Problem statement:
Transcribe, word for word, every line from the one containing "Трюковой самокат hipe h4" through the final line of the records, and omit the pictures.

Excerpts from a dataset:
..............................

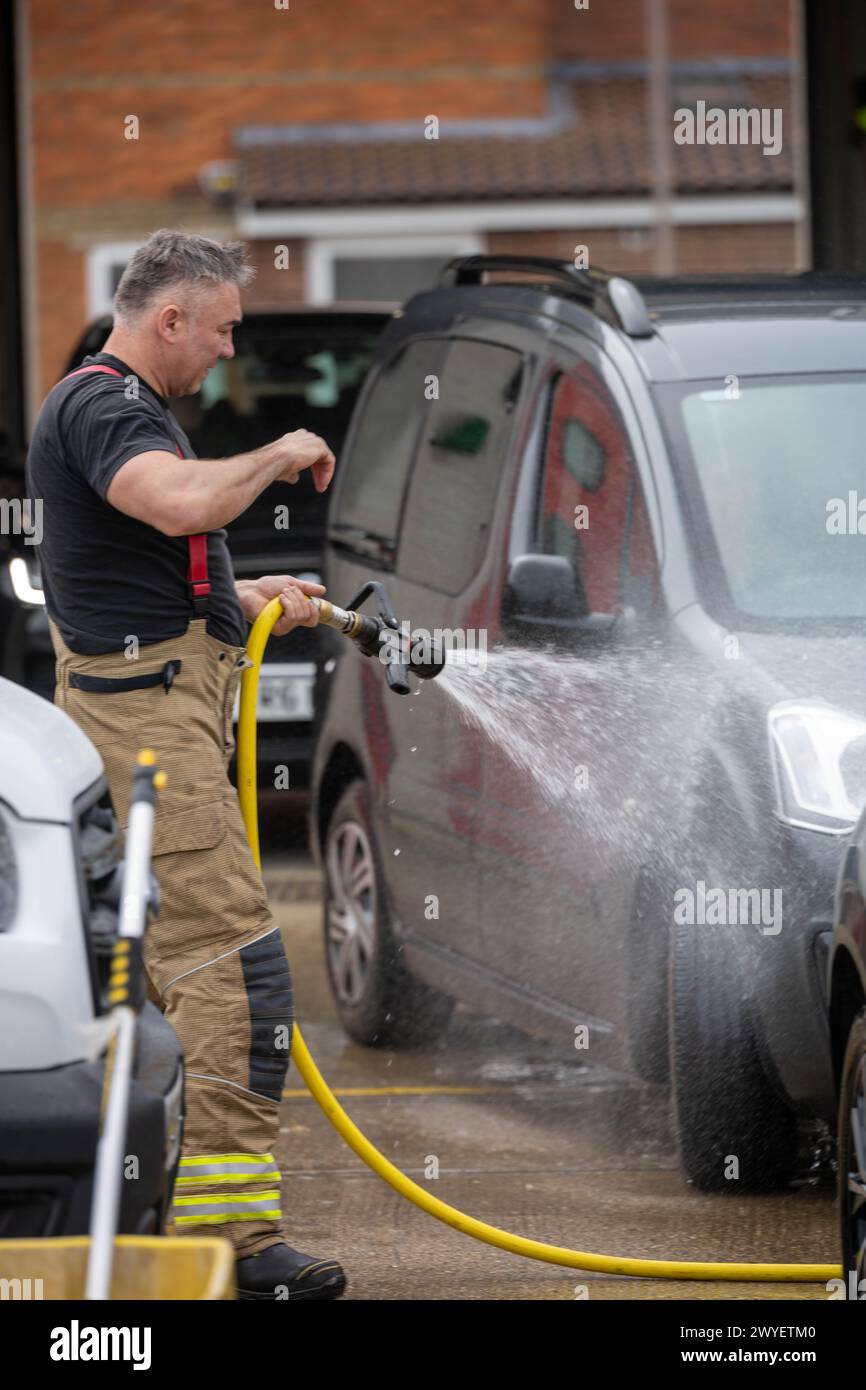 Brentwood Essex 6 avril 2024 les pompiers d'Essex réalisent un lavage de voiture de charité à la caserne de pompiers de Brentwood L'événement était en aide à l'organisme de charité des pompiers. Crédit : Ian Davidson/Alamy Live News Banque D'Images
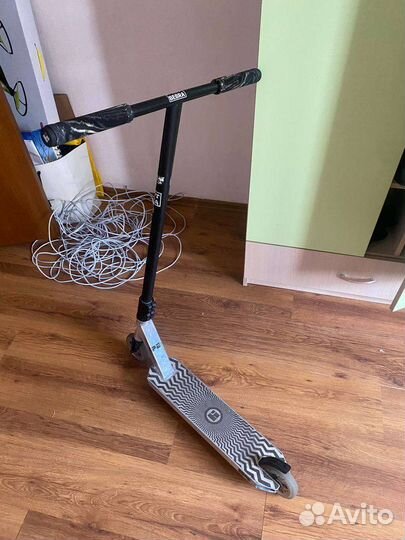 Трюковой самокат hipe h4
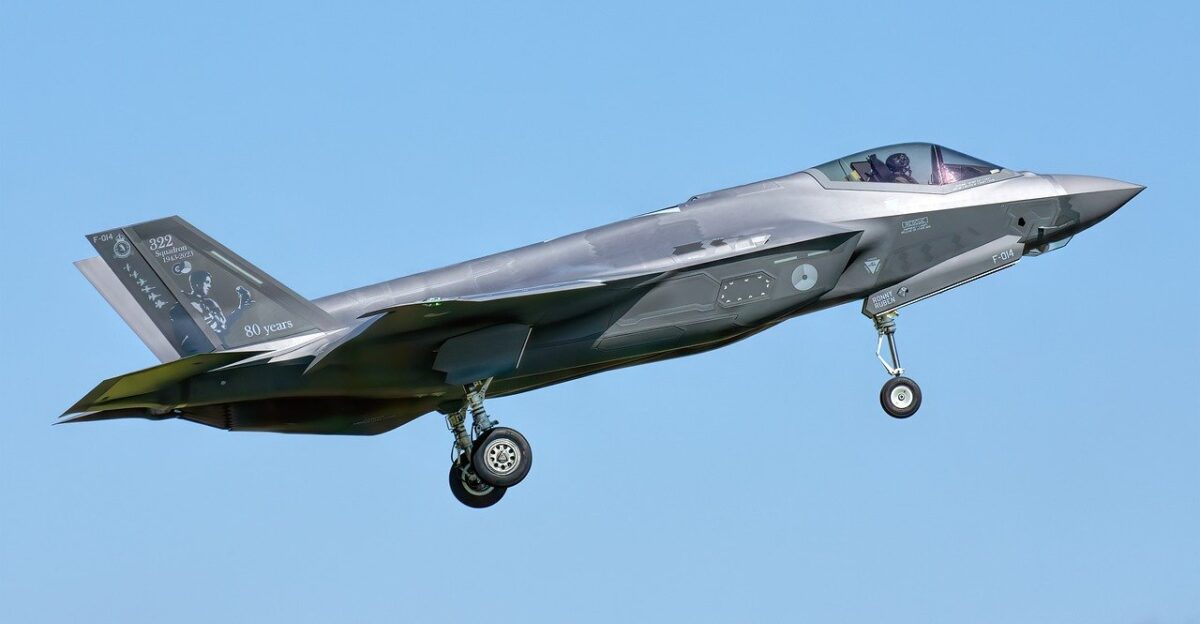 f-35 jet stealth plane aircraft military fighter f-35a nature aviation flying flight airplane f35 sky speed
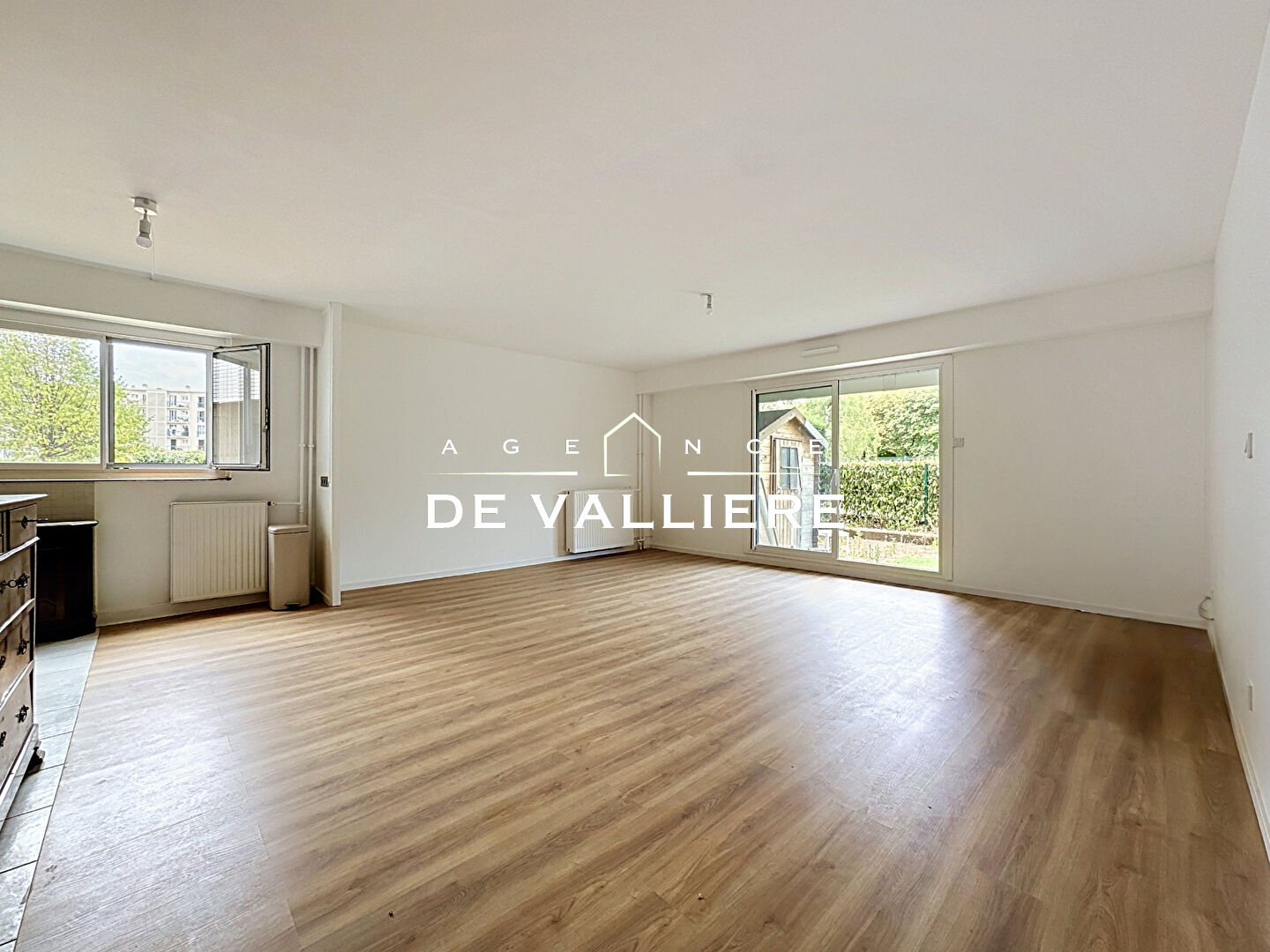 Appartement – RUEIL MALMAISON HAUTS-DE-SEINE ILE-DE-FRANCE - Vue 2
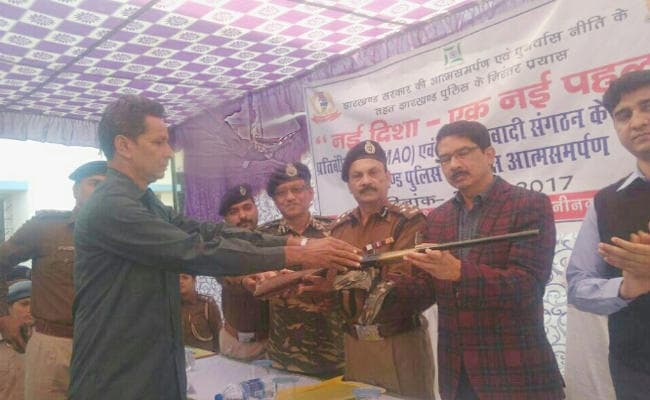 Jharkhand : नक्सलियों को लगा बड़ा झटका, पलामू में 10 लाख के इनामी माओवादी समेत 2 ने किया सरेंडर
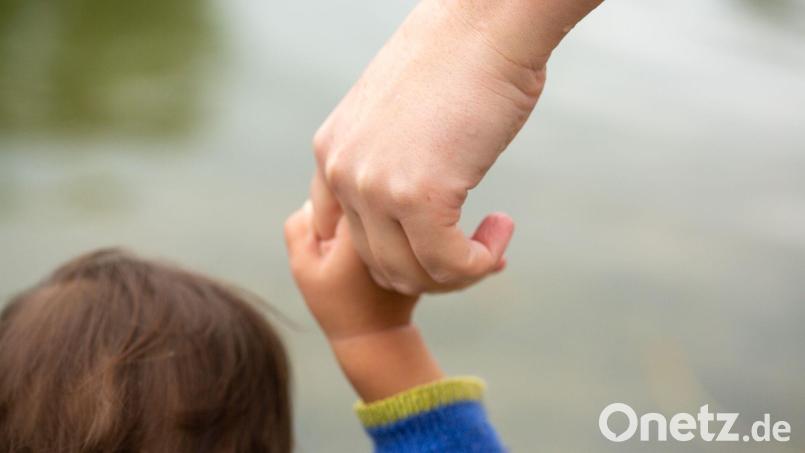 Seit Januar gibt es die Selbsthilfegruppe "Wachstum und Potenzial" in Waldsassen. Bei den Treffen sprechen Angehörige über ihren Alltag mit neurodivergenten Kindern. Bild: Fernando Gutierrez-Juarez/dpa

..............................

Answer for the task:
 Трюковой самокат hipe h4
 f-35 jet stealth plane aircraft military fighter f-35a nature aviation flying flight airplane f35 sky speed
 Appartement – RUEIL MALMAISON HAUTS-DE-SEINE ILE-DE-FRANCE - Vue 2
 Jharkhand : नक्सलियों को लगा बड़ा झटका, पलामू में 10 लाख के इनामी माओवादी समेत 2 ने किया सरेंडर
 Seit Januar gibt es die Selbsthilfegruppe "Wachstum und Potenzial" in Waldsassen. Bei den Treffen sprechen Angehörige über ihren Alltag mit neurodivergenten Kindern. Bild: Fernando Gutierrez-Juarez/dpa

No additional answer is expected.